DOE advocates method that could lead to Yucca approval
Friday, Feb. 4, 2000 | 10:57 a.m.
Approval of Yucca Mountain as the sole place in the country for burying deadly nuclear waste could be granted despite findings that Yucca would be unsafe, under a new approval method advocated by the Department of Energy.
With such a method, one negative factor, no matter how serious, might not be grounds for disqualifying Yucca Mountain.
Standing 90 miles northwest of Las Vegas in an uninhabited open-desert area, Yucca Mountain is a top priority of the state, which for more than a decade has been fighting the federal government's plans.
If Yucca is approved, it would need to be secure for 10,000 years.
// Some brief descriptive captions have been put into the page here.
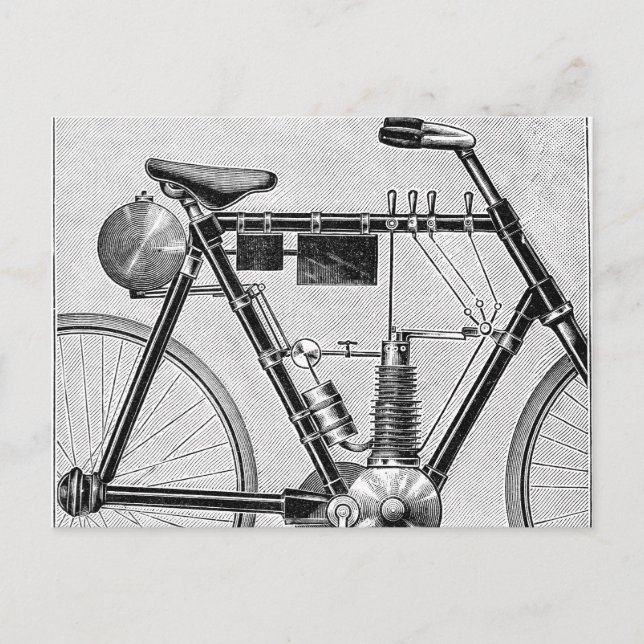 Petrolette Omega Motorcycle, 1895 Postkarte (Vorderseite)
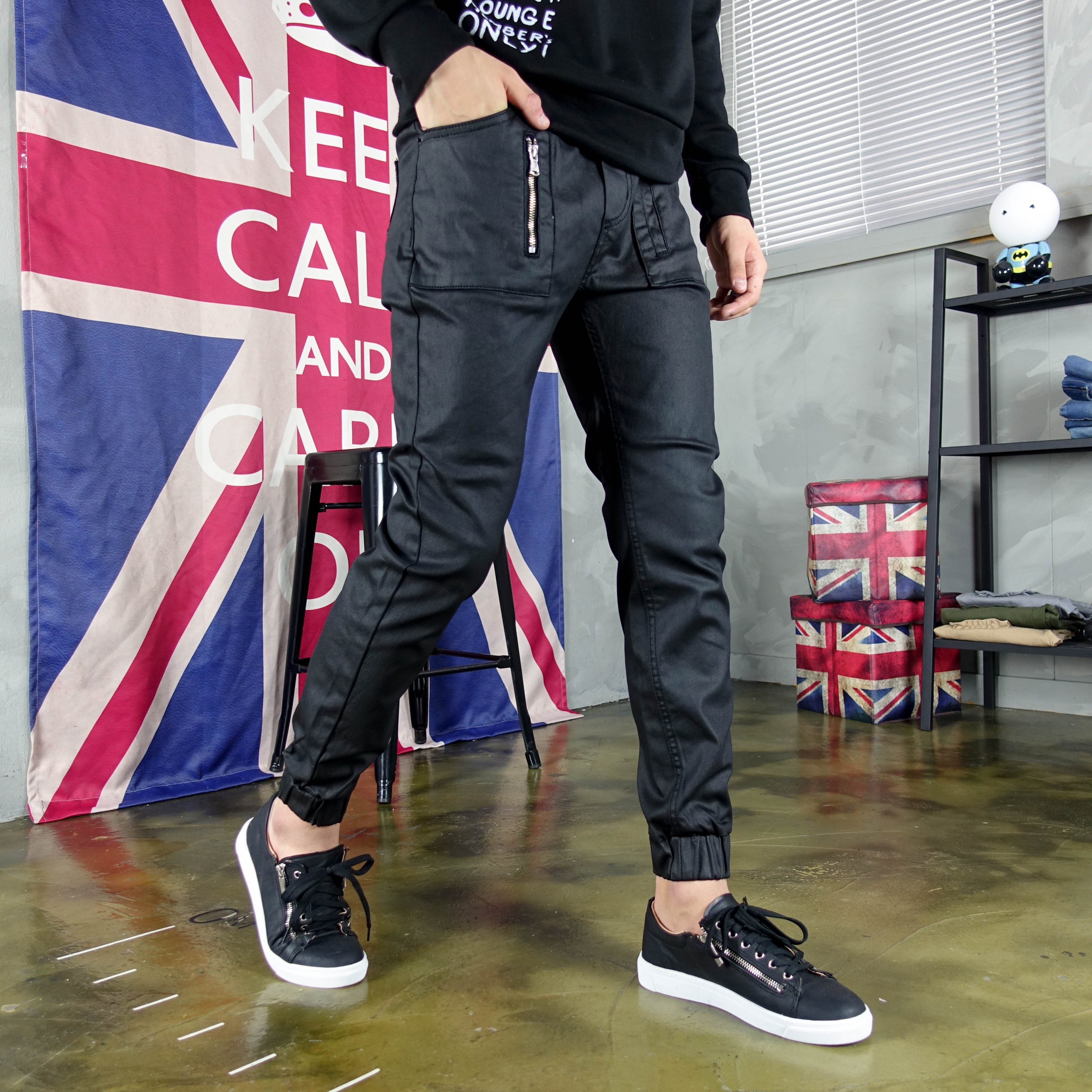 Korea Jeans Pants Banding Coated Jogger Pants Big 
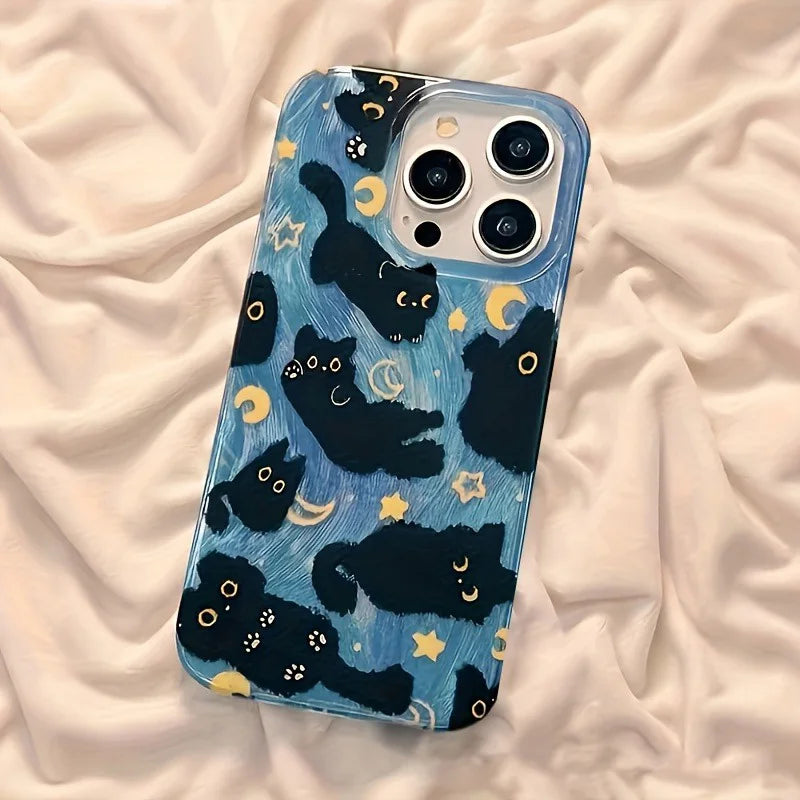 Cute Black Cats Night Sky Silicone iPhone Cover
It would hold 77,000 tons of radioactive waste from the 73 nuclear reactors around the country and 7,000 tons of weapons-grade nuclear waste.
Under the proposed new approval method, instead of following the current checklist of possible disqualifying factors, such as contaminated ground water or earthquakes, DOE scientists would engineer a computer model -- containing the positive and negative factors in building the repository at Yucca Mountain.
All the factors would then be evaluated as a whole, with no one factor likely to be regarded as disqualifying.
The change, first proposed in November and awaiting a decision from Energy Secretary Bill Richardson, was explained Thursday by William Boyle, a DOE senior policy advisor, during a public hearing at the St. Tropez hotel.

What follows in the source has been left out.